Each line of the listing, apart from the pictures, is to be printed exactly.

START Raw data

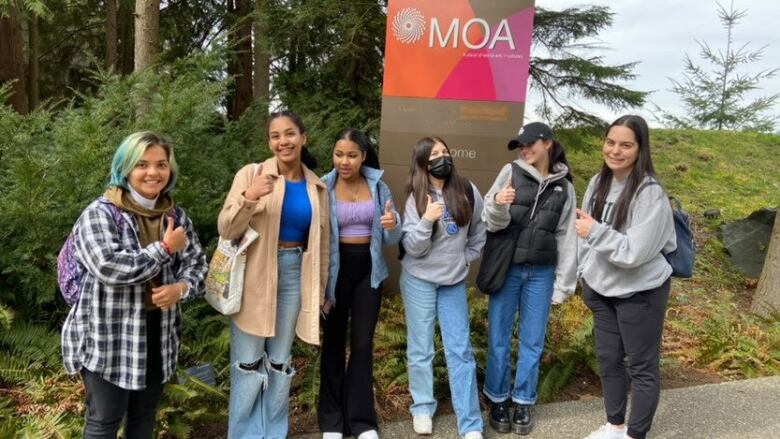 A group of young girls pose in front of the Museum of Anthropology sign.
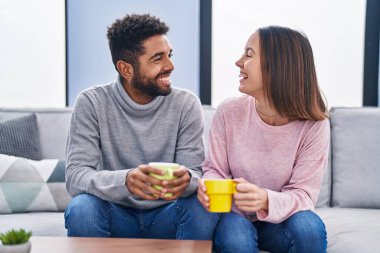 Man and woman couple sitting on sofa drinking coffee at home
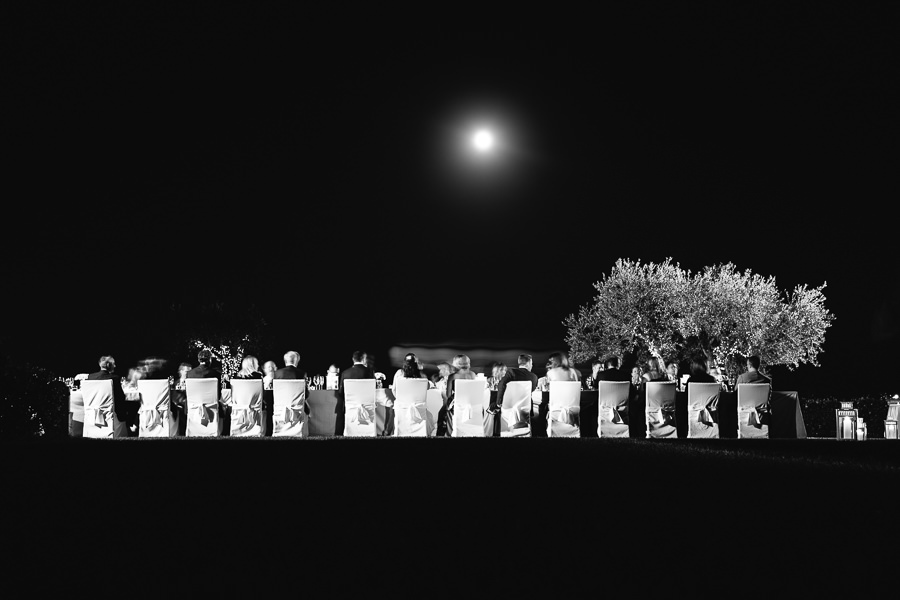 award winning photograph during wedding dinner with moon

END Raw data

▶ _Worked solution_:
 A group of young girls pose in front of the Museum of Anthropology sign.
 Man and woman couple sitting on sofa drinking coffee at home
 award winning photograph during wedding dinner with moon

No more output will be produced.